I will admit, my biggest travel fear is looking like a tourist. I am not the kind of person to enjoy drawing attention to myself and I am very, very easily embarrassed. Unfortunately for me, this posed a major dilemma, as my program in Italy pops around from location to location––there is no time to settle down and “live like a local.” I would not be with a host family, and I would definitely be visiting all the picturesque, quintessential Italian photo-ops. And, the most obvious indicator of my touristy-ness––I don’t speak Italian. So, this all meant that I needed to face the inevitable––I was going to be a tourist, and once I faced that issue, I realized it is not as embarrassing as I made it out to be.

Now, I’m not saying one should not try to speak the language of the country they’re in, or not be mindful of their mannerisms, but I am saying one should not be ashamed to do the “touristy” things––gondola rides, touring the Colosseum, posing with the leaning tower of Pisa.
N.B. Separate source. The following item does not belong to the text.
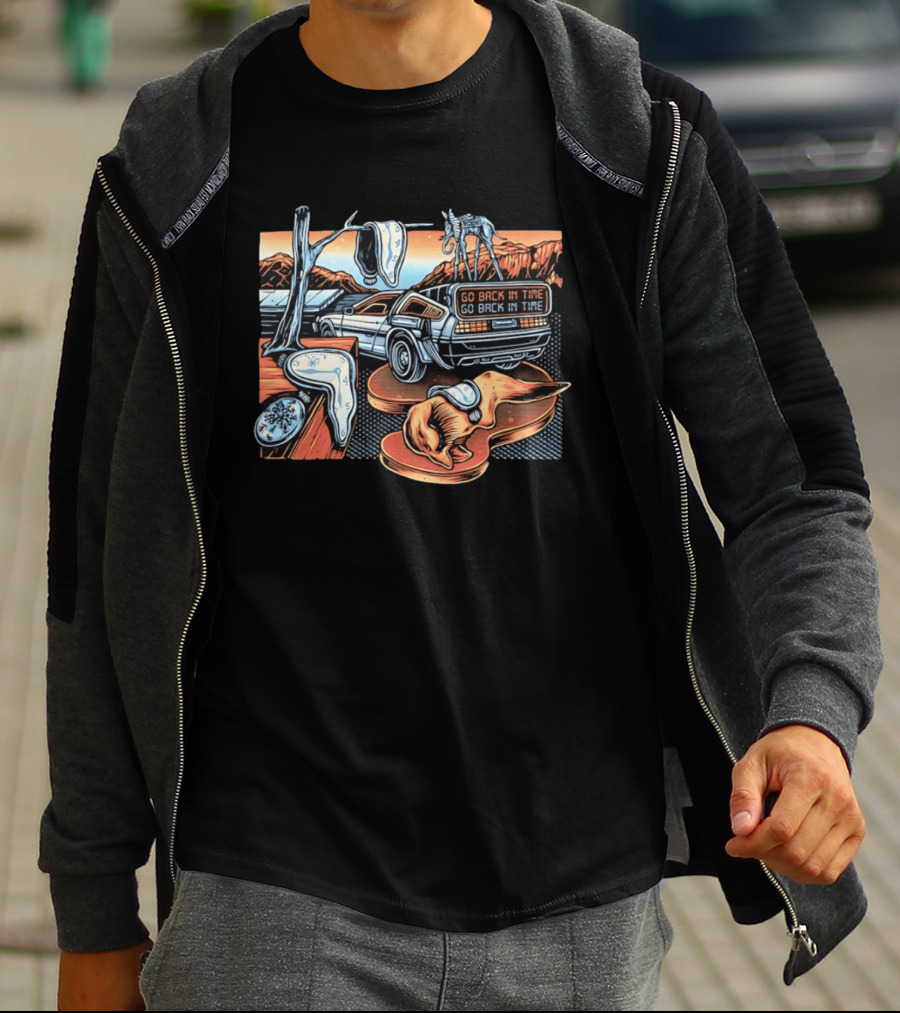 Back To The Future Time Travel Car Meets Salvador Dali's The Persistence Of Memory T-Shirt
Do not let your fear of looking like a tourist stop you from doing things you have always wanted to do, it’s a once in a lifetime opportunity. That being said, you can (and should) balance that with “living like a local” so you can really get a feel for the country. Turn your phone off and explore! Go to the grocery store and attempt to cook a meal! Try local cuisine! It is possible to live and explore both as a tourist and a local, and the best trips involve both.

On an unrelated note, a general piece of advice for those doing longer study abroad programs (and to myself)––it is okay to relax and not do anything, even if you feel like you should be doing something because, Hey! You’re in Italy! Don’t feel guilty about taking time for yourself!